Quote all of the data that follows exactly as written, skipping the images.

▸ Input data
== Segment start ==

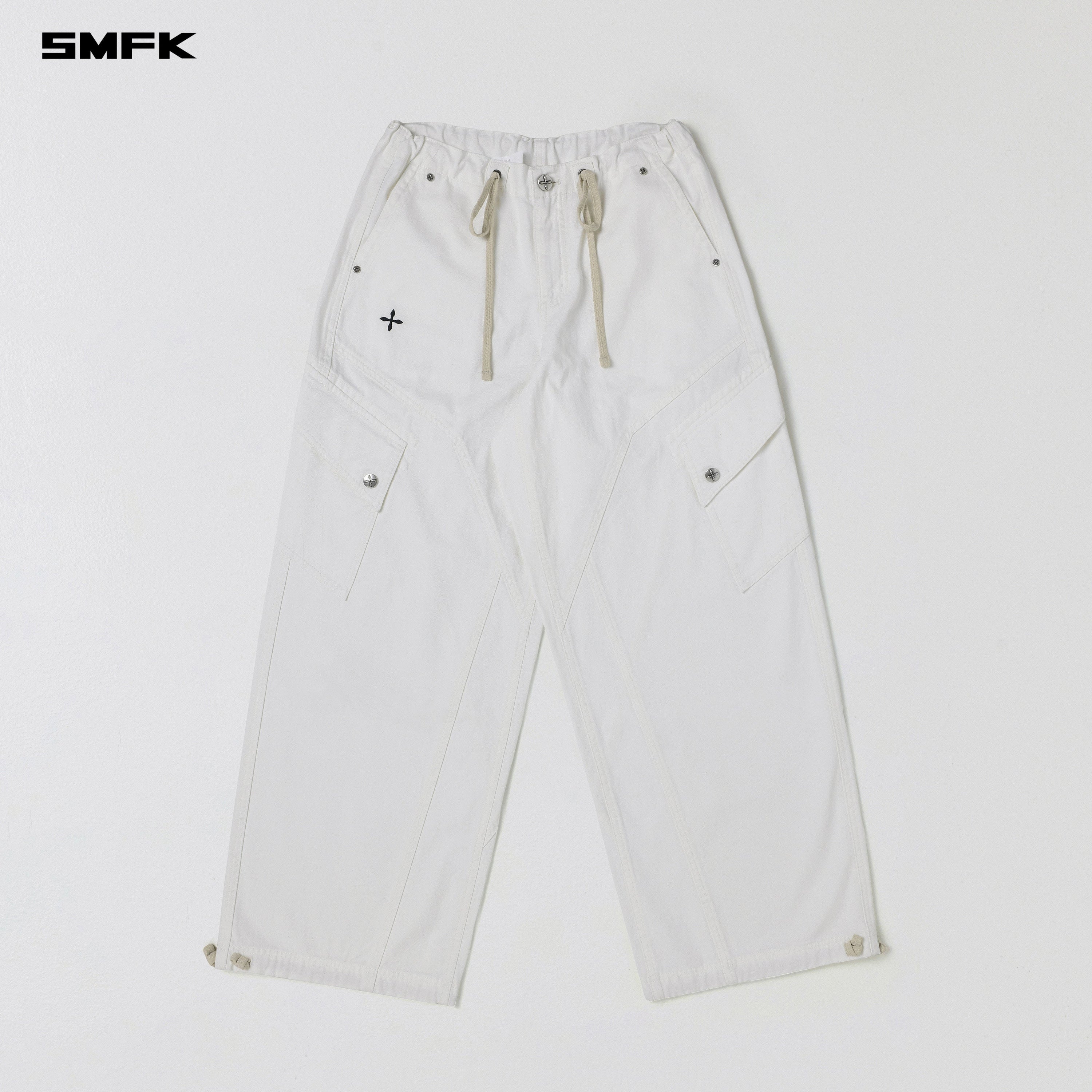MIRAGE RETRO PARA PANTS/COTTON CLOUD WHITE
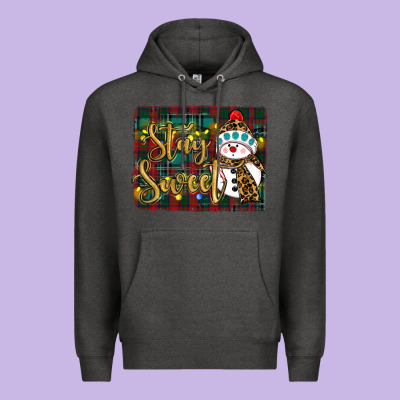 Christmas Stay Premium Hoodie Designed By Ranaportraitstore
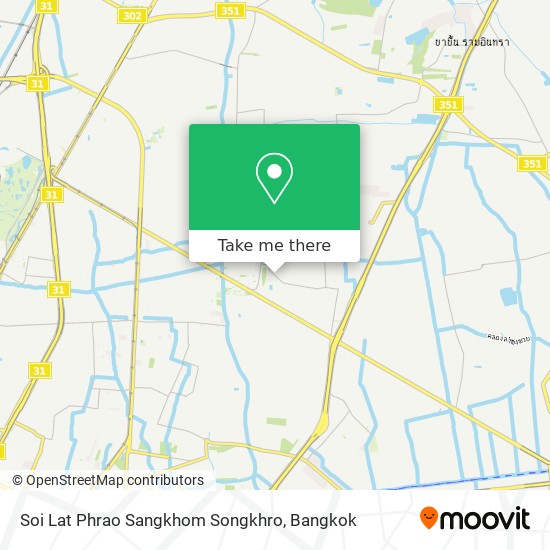 Soi Lat Phrao Sangkhom Songkhro map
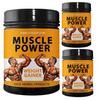 Muscle Power | Weight Gainer & Mass Gainer | Flavor Mango | Pack of 3 view 1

== Segment end ==

▸ Your solution
MIRAGE RETRO PARA PANTS/COTTON CLOUD WHITE
 Christmas Stay Premium Hoodie Designed By Ranaportraitstore
 Soi Lat Phrao Sangkhom Songkhro map
 Muscle Power | Weight Gainer & Mass Gainer | Flavor Mango | Pack of 3 view 1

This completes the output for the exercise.